Warehouse Lighting Tips

When it comes to commercial and warehouse lighting, choosing the correct light fittings for the right location is key. Generally, this area of application is about getting an even spread of light within the minimum disruption to the customer. The long time of LED is perfect for this as maintenance isn’t such a problem. Depending on what is carried out in the application depends on the level of light, generally, mounting heights can be quite high so we need to look at beam angles and light output to create a good level of light in accordance with CIBSE guidelines.

Avoid Glare

Glare can cause accidents, such as with forklift drivers, so it’s important to keep in mind when choosing lights. Reflectors and shades on the fittings can provide a solution to this problem.
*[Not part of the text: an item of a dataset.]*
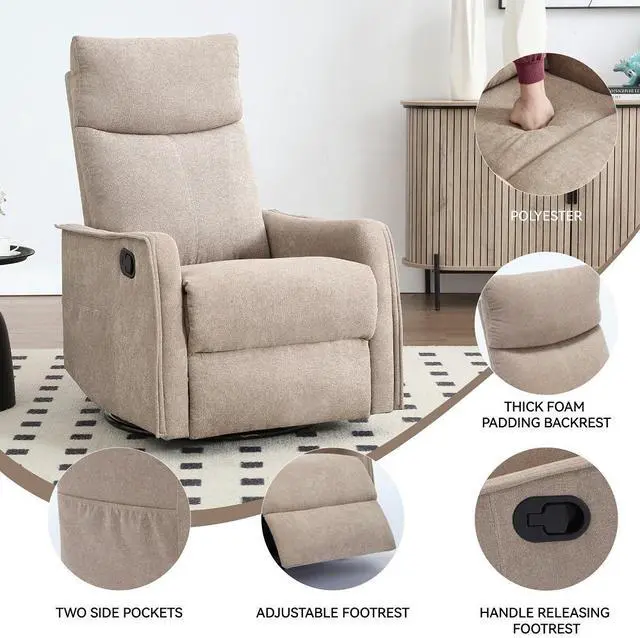 Alt view image 4 of 7 - chairHeat Massage Manual Recliner Chair with Rocker and Swivel in Fabric for Living Room, Khaki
Think about colour temperature

It’s important to think about colour temperature because it can and will make a huge impact on visibility and productivity. Colour temperatures between 4000K and 5000K are the best choice for warehouses. These colour temperatures will give a comfortable white colour, which is a good option for spaces where staff are working for long periods of time under artificial light. Think of the CRI (Colour Rending Index), a high CRI of 85 or above is good for a warehouse environment.

Use of control options

Controls such as presence sensors and daylight harvesting can cut down on overall costs by reducing the amount of light being wasted. Lighting controls are becoming a regular feature for warehouse lighting schemes. If there is no one in an aisle/area, then the lighting will automatically drop to a lower level or turn off completely.

Position of the fittings

The spacing of your light fittings is essential as you could end up over or under illuminating your space. If they are positioned too close together, you’ll experience hot spots and/or glare where the light from one fixture overlaps with the next. On the other hand, if they are positioned too far apart, you’ll get dark areas.

Think emergency

Having emergency lighting in warehouses and industrial environments is a legal requirement.

Beware of the stroboscopic effect

When using lighting over moving machinery in a workshop, warehouse etc, you need to have flicker free lighting, as if not this can make moving parts on the machinery look like they are off. The stroboscopic effect causes moving objects to appear stationary when viewed in discrete series of short or instantaneous samples as distinct from a continuous view.